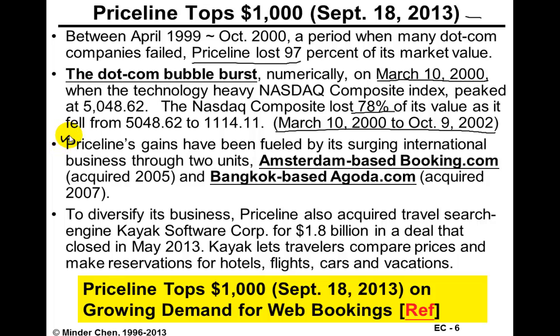What Priceline.com has been doing that may have helped its growth is using the money raised in the stock market to acquire a few assets — specifically some international web booking businesses, including Booking.com, which is based in Amsterdam, and also Agoda, which is a Bangkok-based travel website. Very recently they also acquired the meta search engine Kayak Software Corporation for $1.8 billion.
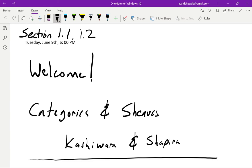Hello everyone and welcome to our mathematics reading group. If you're seeing this, you know that our goal is to read the text Categories and Sheaves by Kashiwara and Shapira.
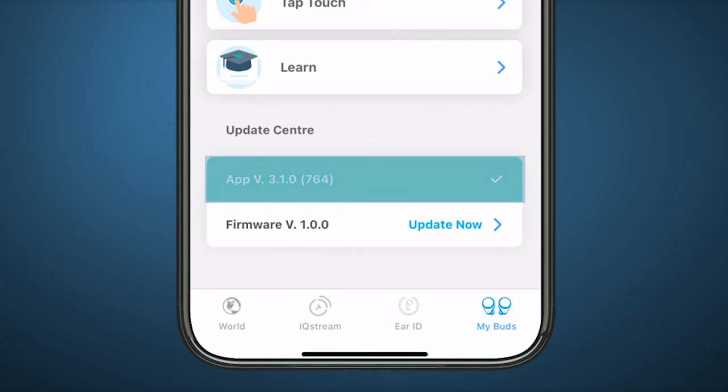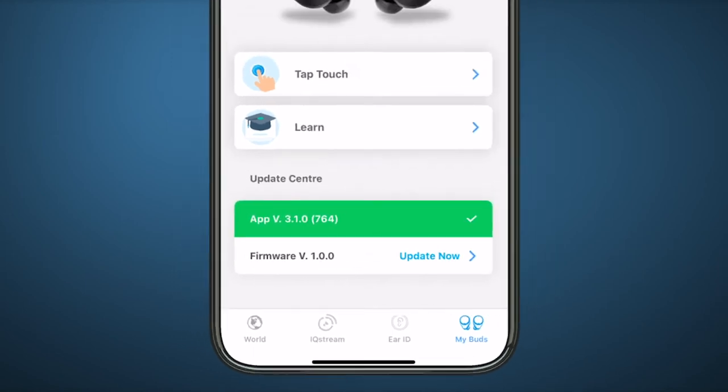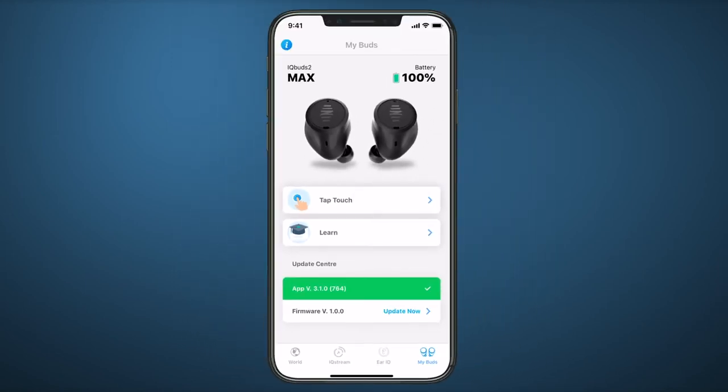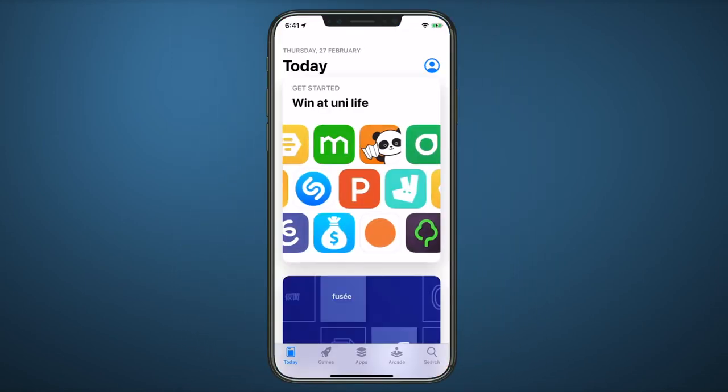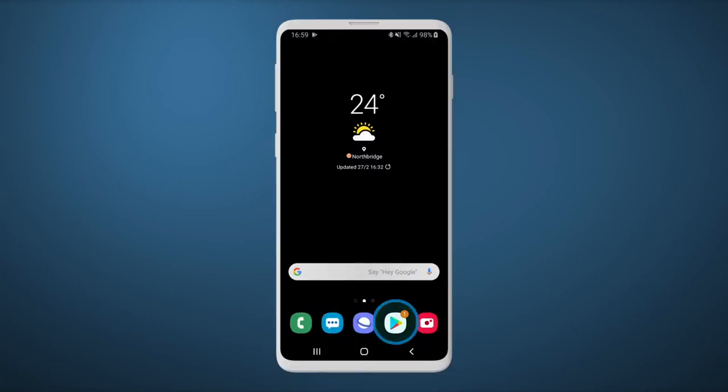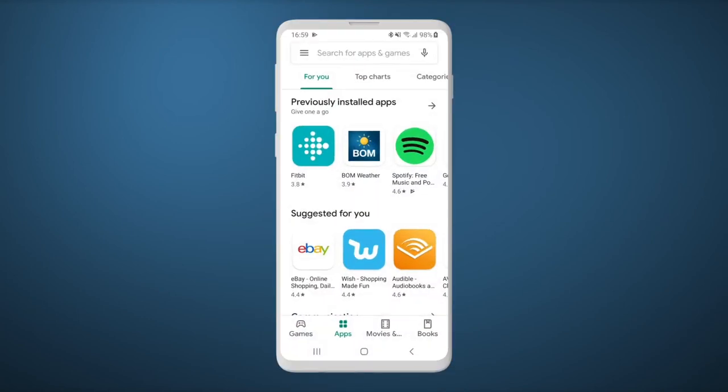You can update your IQbuds app from the My Buds screen, or from the App Store or Google Play Store.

| Exercise requirements |
Print each line of the material above exactly, with the pictures removed from your copy.

| Output for this exercise |
What Priceline.com has been doing that may have helped its growth is using the money raised in the stock market to acquire a few assets — specifically some international web booking businesses, including Booking.com, which is based in Amsterdam, and also Agoda, which is a Bangkok-based travel website. Very recently they also acquired the meta search engine Kayak Software Corporation for $1.8 billion.
Hello everyone and welcome to our mathematics reading group. If you're seeing this, you know that our goal is to read the text Categories and Sheaves by Kashiwara and Shapira.
You can update your IQbuds app from the My Buds screen, or from the App Store or Google Play Store.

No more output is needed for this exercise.